_EXTRACTED ENTRIES_:
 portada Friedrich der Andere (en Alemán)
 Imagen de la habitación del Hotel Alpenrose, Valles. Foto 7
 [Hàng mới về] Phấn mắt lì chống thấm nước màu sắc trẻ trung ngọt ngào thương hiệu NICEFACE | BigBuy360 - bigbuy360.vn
==
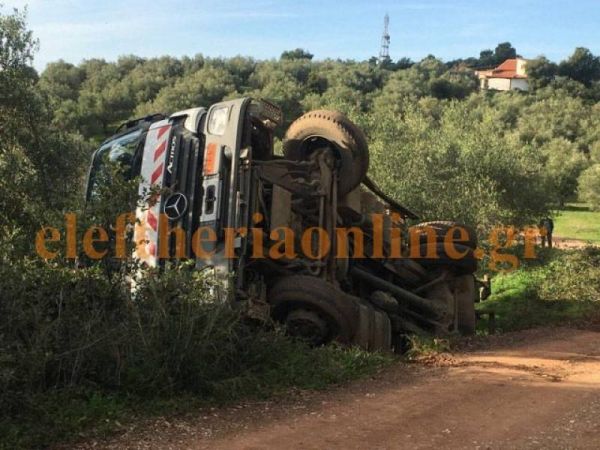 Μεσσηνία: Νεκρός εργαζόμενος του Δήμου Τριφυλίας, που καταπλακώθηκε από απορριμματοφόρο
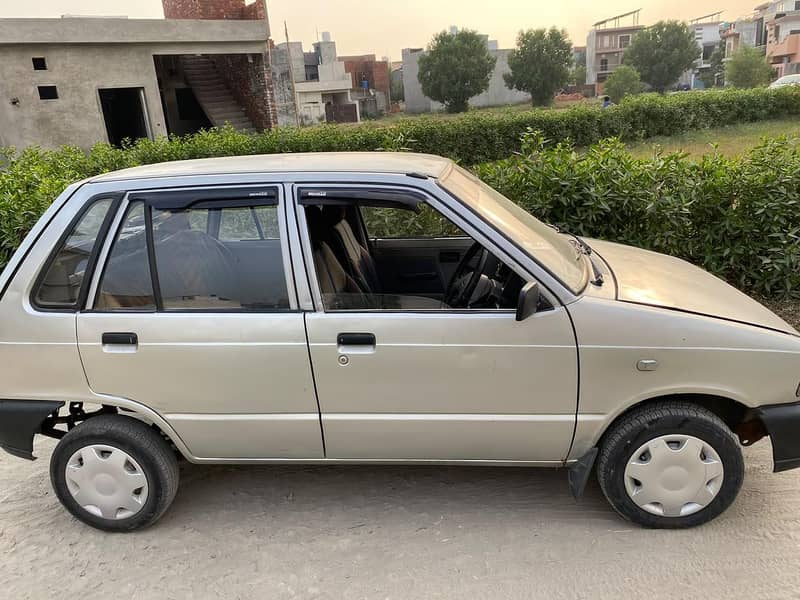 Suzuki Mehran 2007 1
* * *
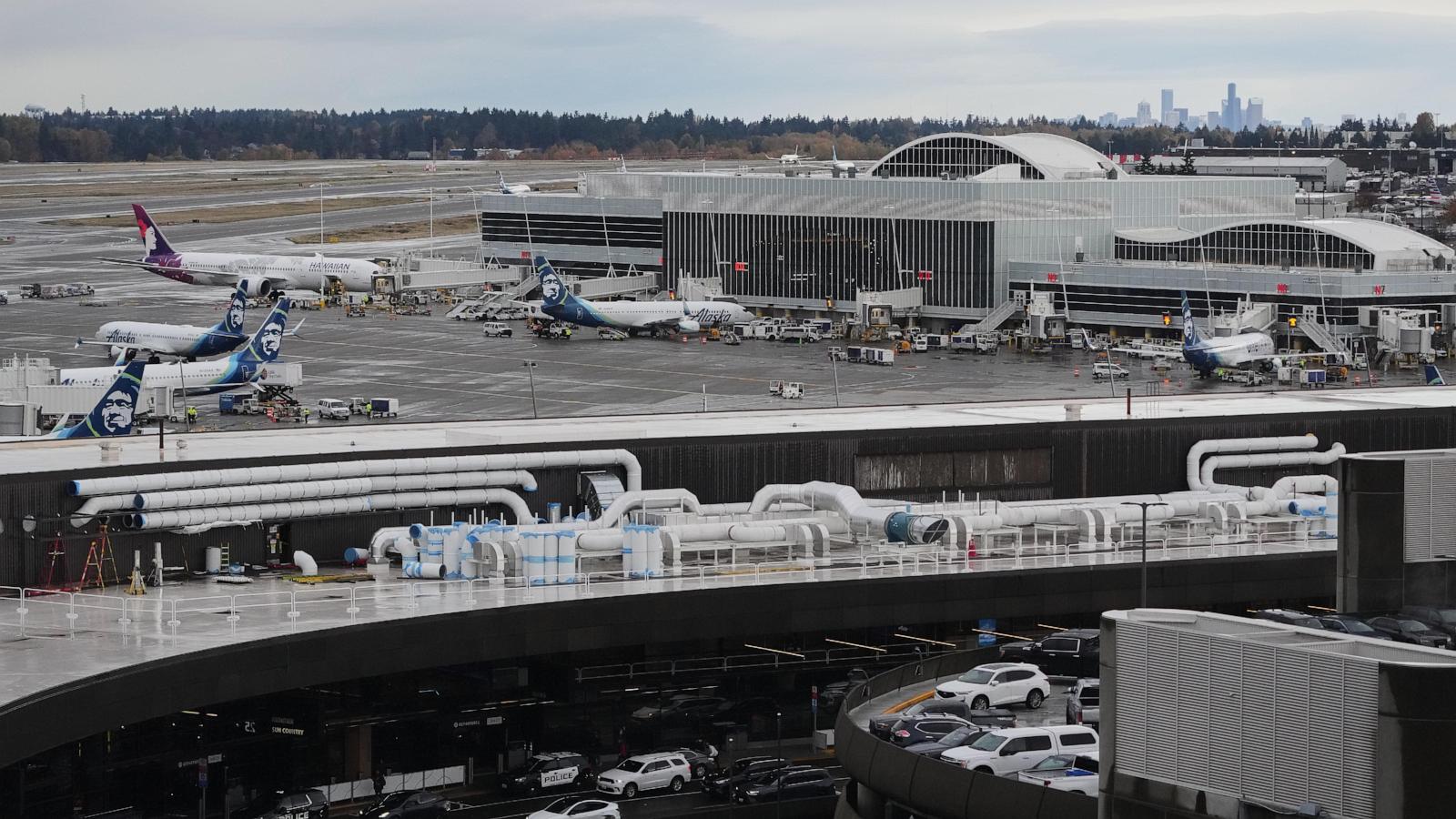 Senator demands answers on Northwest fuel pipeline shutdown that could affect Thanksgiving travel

_ABOUT THIS EXERCISE_: Give back precisely the lines above that start at the line containing "portada Friedrich der Andere (en Alemán)" and end at the line containing "[Hàng mới về]", inclusive. No other lines belong in the output.

_TASK RESPONSE_:
 portada Friedrich der Andere (en Alemán)
 Imagen de la habitación del Hotel Alpenrose, Valles. Foto 7
 [Hàng mới về] Phấn mắt lì chống thấm nước màu sắc trẻ trung ngọt ngào thương hiệu NICEFACE | BigBuy360 - bigbuy360.vn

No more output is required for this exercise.